Timor Lorosae sering dianggap sebagai pasar yang berisiko bagi sebagian besar perusahaan sektor swasta karena konektivitasnya yang buruk dan kerangka keuangan dan peraturan yang lemah. Namun, integrasi yang ketat dari sektor publik dan swasta China di bawah pemerintahan satu partai telah memungkinkan Beijing untuk mengambil keuntungan dari pembukaan ini.

Jalan raya antara Dili dan Baucau, kota terbesar kedua di Timor Lorosae, adalah contoh utama. Sepuluh tahun lalu, Jepang menyediakan pinjaman 5,3 miliar yen untuk peningkatan jalan, tetapi tidak ada perusahaan Negeri Sakura yang menawar proyek tersebut, dan akhirnya diberikan kepada perusahaan milik negara China. Rambu pinggir jalan yang menguraikan proyek ini terpampang dengan nama Sinohydro di samping nama Badan Kerjasama Internasional Jepang.

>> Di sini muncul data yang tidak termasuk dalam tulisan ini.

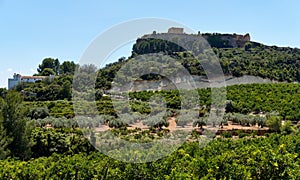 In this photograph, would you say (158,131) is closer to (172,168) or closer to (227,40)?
(172,168)

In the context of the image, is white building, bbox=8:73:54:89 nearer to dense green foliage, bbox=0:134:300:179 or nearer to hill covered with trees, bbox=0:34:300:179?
hill covered with trees, bbox=0:34:300:179

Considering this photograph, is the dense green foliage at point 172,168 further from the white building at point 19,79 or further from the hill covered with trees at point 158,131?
the white building at point 19,79

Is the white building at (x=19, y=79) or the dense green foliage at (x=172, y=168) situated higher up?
the white building at (x=19, y=79)

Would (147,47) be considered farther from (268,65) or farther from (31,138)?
(31,138)

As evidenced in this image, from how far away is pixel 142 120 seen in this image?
2728 cm

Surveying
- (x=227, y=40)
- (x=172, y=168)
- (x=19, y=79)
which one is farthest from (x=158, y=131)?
(x=227, y=40)

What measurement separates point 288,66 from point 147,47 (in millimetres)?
25980

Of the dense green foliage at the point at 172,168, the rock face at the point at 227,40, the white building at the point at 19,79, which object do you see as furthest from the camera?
the rock face at the point at 227,40

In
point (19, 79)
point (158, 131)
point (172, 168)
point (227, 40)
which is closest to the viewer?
point (172, 168)

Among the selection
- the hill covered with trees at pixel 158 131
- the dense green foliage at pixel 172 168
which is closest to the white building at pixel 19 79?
the hill covered with trees at pixel 158 131

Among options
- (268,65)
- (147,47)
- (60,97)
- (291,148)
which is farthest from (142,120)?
(268,65)

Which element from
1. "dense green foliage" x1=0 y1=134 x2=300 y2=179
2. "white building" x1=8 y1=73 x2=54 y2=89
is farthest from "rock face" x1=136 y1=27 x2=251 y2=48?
"dense green foliage" x1=0 y1=134 x2=300 y2=179

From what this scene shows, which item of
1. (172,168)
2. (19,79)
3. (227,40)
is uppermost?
(227,40)

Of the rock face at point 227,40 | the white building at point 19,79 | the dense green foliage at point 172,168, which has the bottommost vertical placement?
the dense green foliage at point 172,168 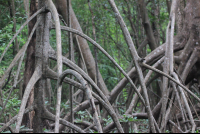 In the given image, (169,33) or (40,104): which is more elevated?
(169,33)

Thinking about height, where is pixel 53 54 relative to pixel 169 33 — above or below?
below

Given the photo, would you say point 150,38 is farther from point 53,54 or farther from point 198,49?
point 53,54

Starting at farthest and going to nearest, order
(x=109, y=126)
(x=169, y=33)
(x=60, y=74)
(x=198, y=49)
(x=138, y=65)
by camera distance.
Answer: (x=109, y=126) < (x=198, y=49) < (x=169, y=33) < (x=138, y=65) < (x=60, y=74)

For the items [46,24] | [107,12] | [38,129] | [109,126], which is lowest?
[109,126]

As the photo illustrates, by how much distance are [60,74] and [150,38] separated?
393 centimetres

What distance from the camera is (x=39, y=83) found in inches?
60.6

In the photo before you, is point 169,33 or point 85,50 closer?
point 169,33

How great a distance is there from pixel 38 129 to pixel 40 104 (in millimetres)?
207

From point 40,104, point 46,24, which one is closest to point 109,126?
point 40,104

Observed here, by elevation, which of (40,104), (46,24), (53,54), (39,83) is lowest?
(40,104)

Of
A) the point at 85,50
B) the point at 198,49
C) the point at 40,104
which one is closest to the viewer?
the point at 40,104

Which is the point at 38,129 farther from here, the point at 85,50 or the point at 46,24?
the point at 85,50

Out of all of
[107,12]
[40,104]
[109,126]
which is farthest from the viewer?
[107,12]

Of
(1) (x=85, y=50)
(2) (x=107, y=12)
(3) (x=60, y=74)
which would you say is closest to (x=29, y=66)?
(1) (x=85, y=50) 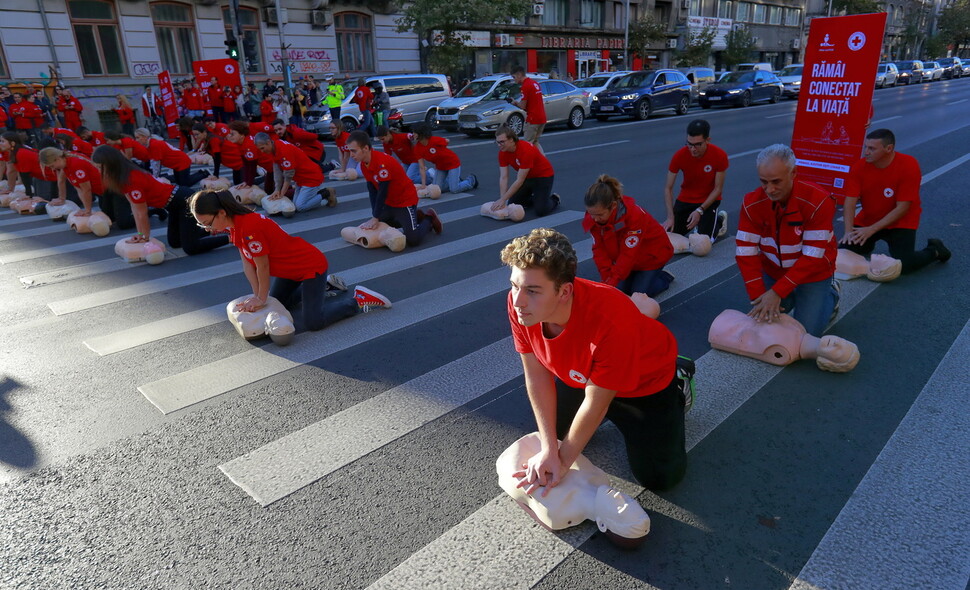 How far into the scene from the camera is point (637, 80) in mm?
22656

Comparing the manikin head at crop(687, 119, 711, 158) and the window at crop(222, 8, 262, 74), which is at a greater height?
the window at crop(222, 8, 262, 74)

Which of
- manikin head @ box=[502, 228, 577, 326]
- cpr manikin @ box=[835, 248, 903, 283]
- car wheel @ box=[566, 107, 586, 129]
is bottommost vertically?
cpr manikin @ box=[835, 248, 903, 283]

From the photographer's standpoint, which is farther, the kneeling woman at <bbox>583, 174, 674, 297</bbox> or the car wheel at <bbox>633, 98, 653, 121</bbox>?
the car wheel at <bbox>633, 98, 653, 121</bbox>

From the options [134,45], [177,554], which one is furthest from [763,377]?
[134,45]

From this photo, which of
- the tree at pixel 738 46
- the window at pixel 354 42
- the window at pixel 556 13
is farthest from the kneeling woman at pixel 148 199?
the tree at pixel 738 46

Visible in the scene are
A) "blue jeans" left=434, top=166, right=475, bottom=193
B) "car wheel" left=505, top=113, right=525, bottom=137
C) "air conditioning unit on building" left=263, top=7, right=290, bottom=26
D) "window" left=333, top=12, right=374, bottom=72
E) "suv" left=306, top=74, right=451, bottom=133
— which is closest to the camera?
"blue jeans" left=434, top=166, right=475, bottom=193

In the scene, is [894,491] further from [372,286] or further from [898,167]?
[372,286]

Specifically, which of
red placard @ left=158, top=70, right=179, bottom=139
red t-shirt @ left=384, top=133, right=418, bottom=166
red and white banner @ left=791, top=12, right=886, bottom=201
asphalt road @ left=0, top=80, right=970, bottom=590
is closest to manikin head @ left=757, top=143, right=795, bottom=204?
asphalt road @ left=0, top=80, right=970, bottom=590

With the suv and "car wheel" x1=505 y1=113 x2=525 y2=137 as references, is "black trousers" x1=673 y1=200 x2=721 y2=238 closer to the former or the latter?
"car wheel" x1=505 y1=113 x2=525 y2=137

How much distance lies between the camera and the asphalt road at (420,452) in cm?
263

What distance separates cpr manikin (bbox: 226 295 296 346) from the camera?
15.7ft

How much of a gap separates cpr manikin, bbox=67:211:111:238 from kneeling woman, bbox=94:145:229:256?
146 cm

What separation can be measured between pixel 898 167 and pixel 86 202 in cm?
1000

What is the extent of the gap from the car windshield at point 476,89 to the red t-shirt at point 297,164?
1212cm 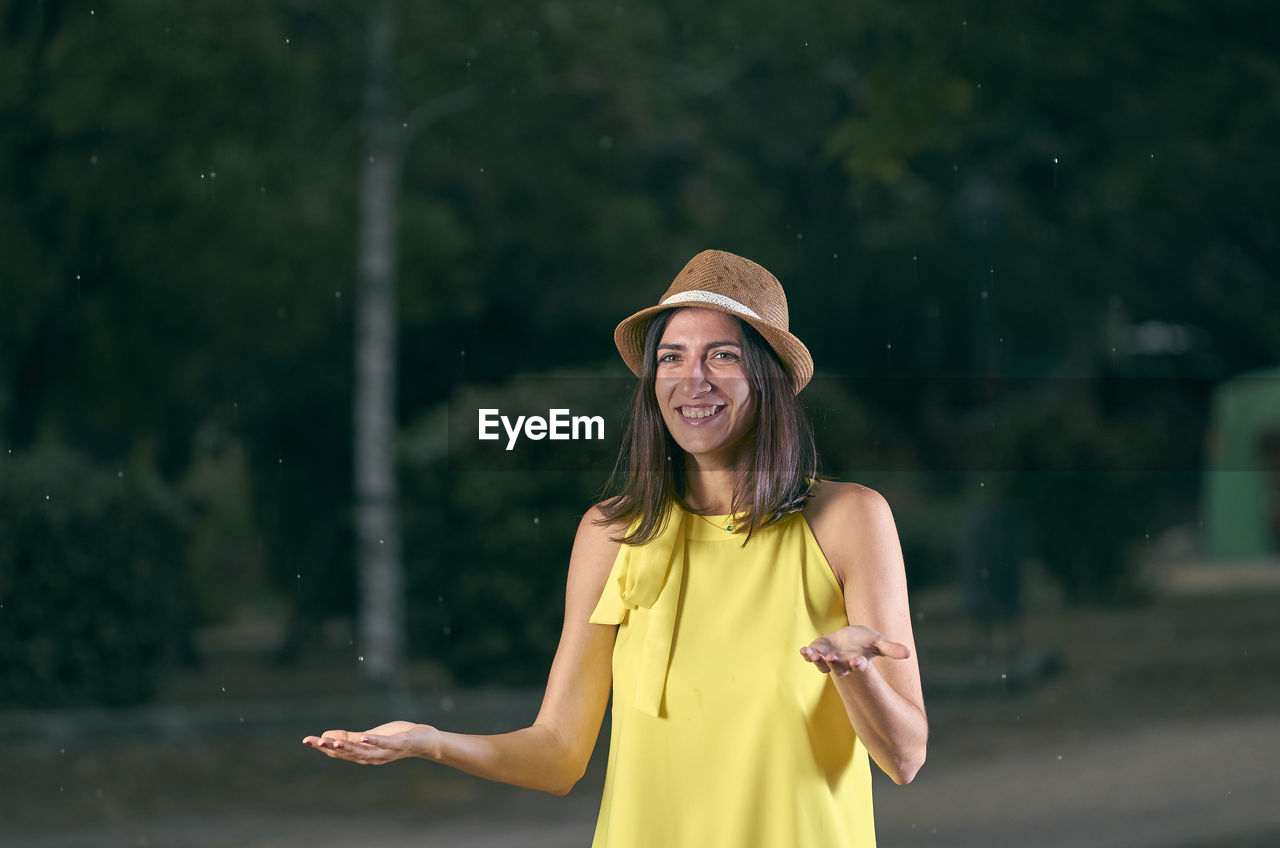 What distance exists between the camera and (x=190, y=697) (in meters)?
12.9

Bagian selatan negara itu, yang kurang berkembang dibandingkan bagian utara, juga menggambarkan tujuan China. Daerah ini termasuk jalan raya pertama Timor Lorosae, yang menghubungkan Suai dan Beaco. Tahap pertama dari proyek yang dibangun China selesai pada tahun 2018. Timor Leste membangun daerah itu dengan tujuan menarik jalur pipa dari ladang lepas pantai Greater Sunrise yang sedang dikembangkan bersama dengan Australia. Namun, Dili dan Canberra belum menyepakati negara mana yang akan menerima minyak pipa tersebut.

Kehadiran Beijing di negara itu sesuai dengan kampanye Presiden China, Xi Jinping, untuk memperluas pengaruh mereka di Pasifik barat. Timor Leste terletak lebih dari 600 km dari Darwin di Australia, yang menampung pangkalan militer Australia dan angkatan rotasi Marinir AS. “Sebuah pelabuhan di pantai selatan Timor Leste dengan keterlibatan China akan menjadi masalah keamanan utama,” kata orang dalam Jepang.

Kepulauan Solomon, yang terletak di sisi utara dari Timor Leste, menawarkan Beijing titik pandang potensial lain untuk memantau pasukan AS dan Australia bergerak ke Pasifik barat. Beijing dan Kepulauan Solomon sudah menandatangani perjanjian keamanan pada bulan April yang dikabarkan memungkinkan pengerahan personel militer China dan persinggahan oleh kapal angkatan laut.